[Start of Attachment]

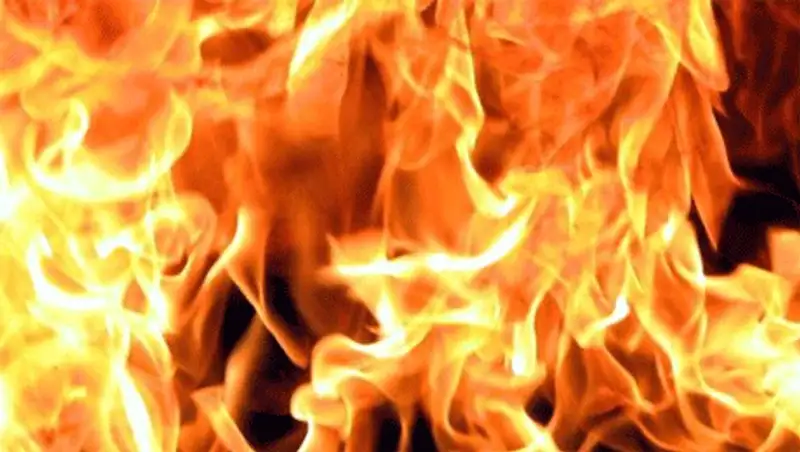 В Таразе сгорели контейнеры на рынке, фото - Новости Zakon.kz от 17.11.2013 17:00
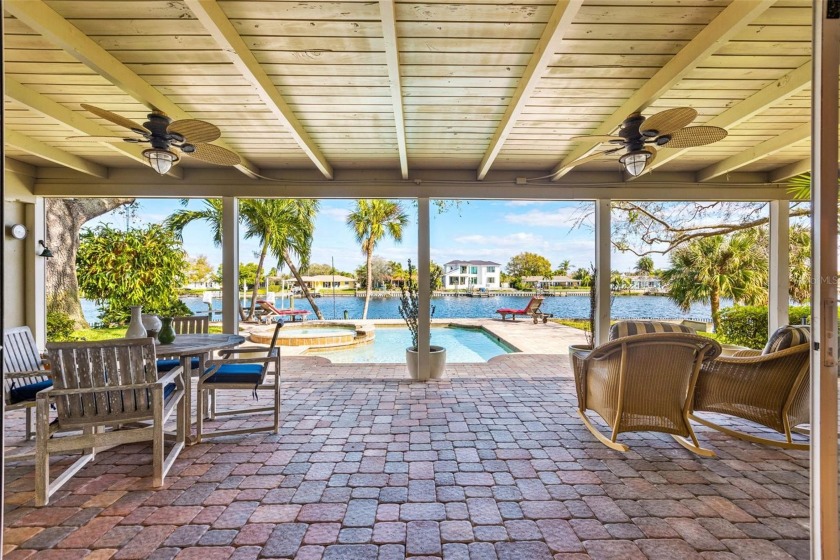 MULTIPLE OFFERS ALL OFFERS DUE BY 2-23-2023 5PM. Wow what a - Beach Home for sale in St. Petersburg, Florida on Beachhouse.com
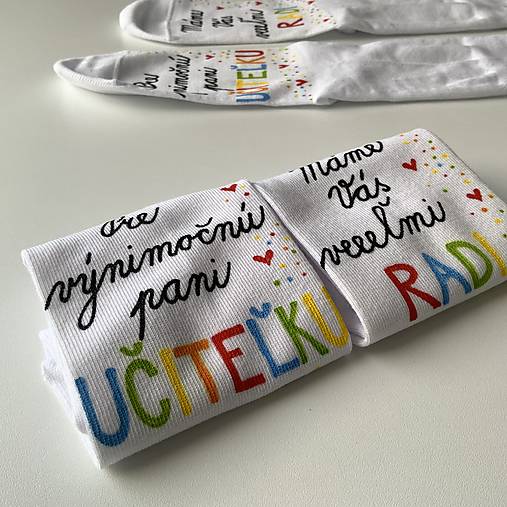 Maľované ponožky pre PANI UČITEĽKU s veľkým ❤️ (Výnimočnú)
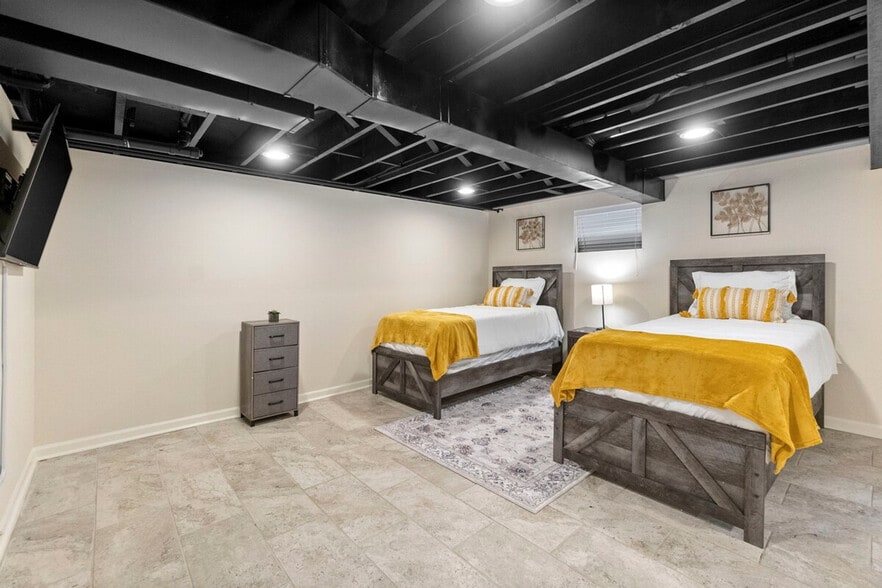 Building Photo - 623 Quail Run Rd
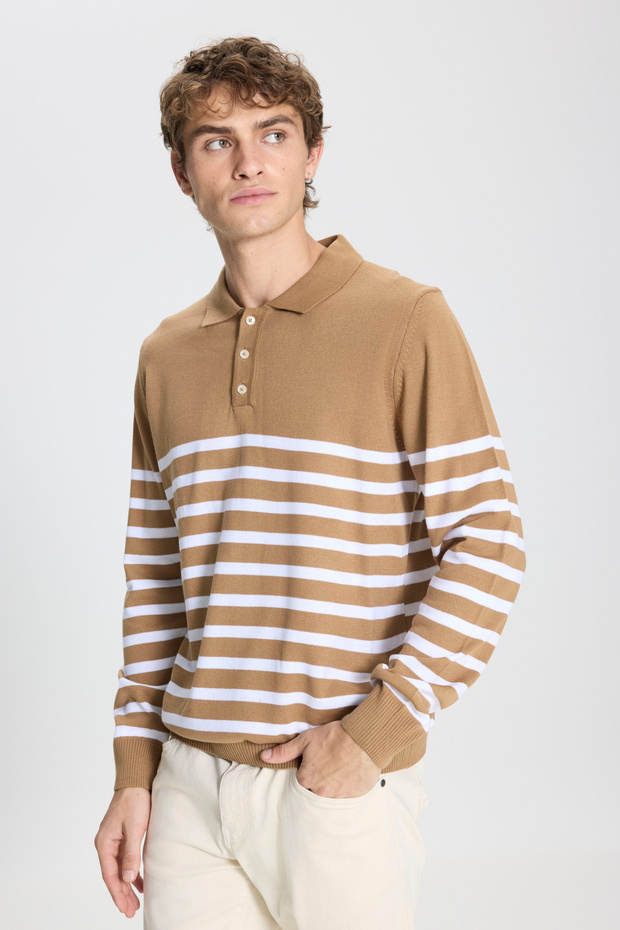 Nerzfarbener Rollkragenpullover - 1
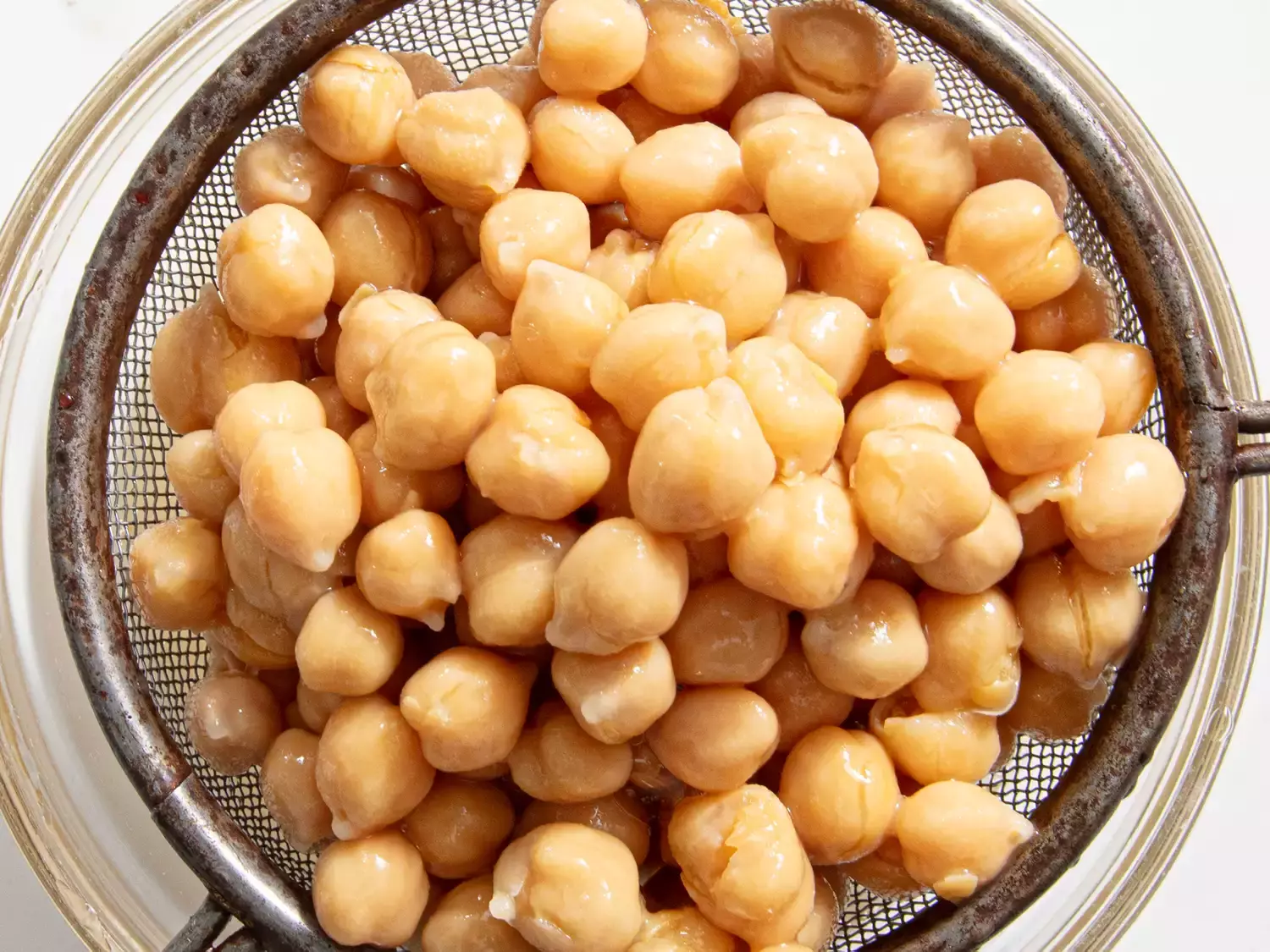 Achieving Ideal Tenderness: A Guide to Softening Canned Chickpeas and Other Beans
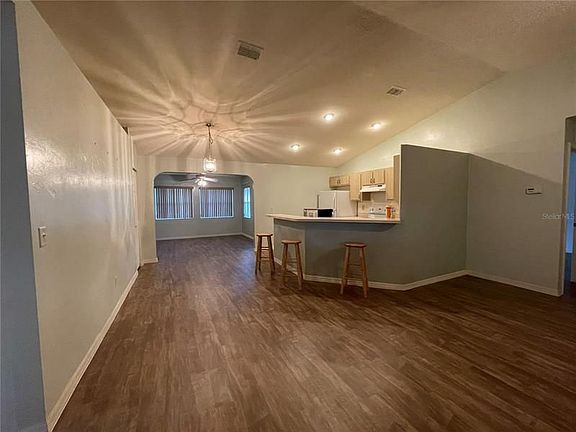 3rd image of 8132 N Maltese Dr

[End of Attachment]

Starting at the line that contains "MULTIPLE OFFERS ALL", please write out each line through the last line of the data, both ends included, and keep pictures out of the copy.

Your response
 MULTIPLE OFFERS ALL OFFERS DUE BY 2-23-2023 5PM. Wow what a - Beach Home for sale in St. Petersburg, Florida on Beachhouse.com
 Maľované ponožky pre PANI UČITEĽKU s veľkým ❤️ (Výnimočnú)
 Building Photo - 623 Quail Run Rd
 Nerzfarbener Rollkragenpullover - 1
 Achieving Ideal Tenderness: A Guide to Softening Canned Chickpeas and Other Beans
 3rd image of 8132 N Maltese Dr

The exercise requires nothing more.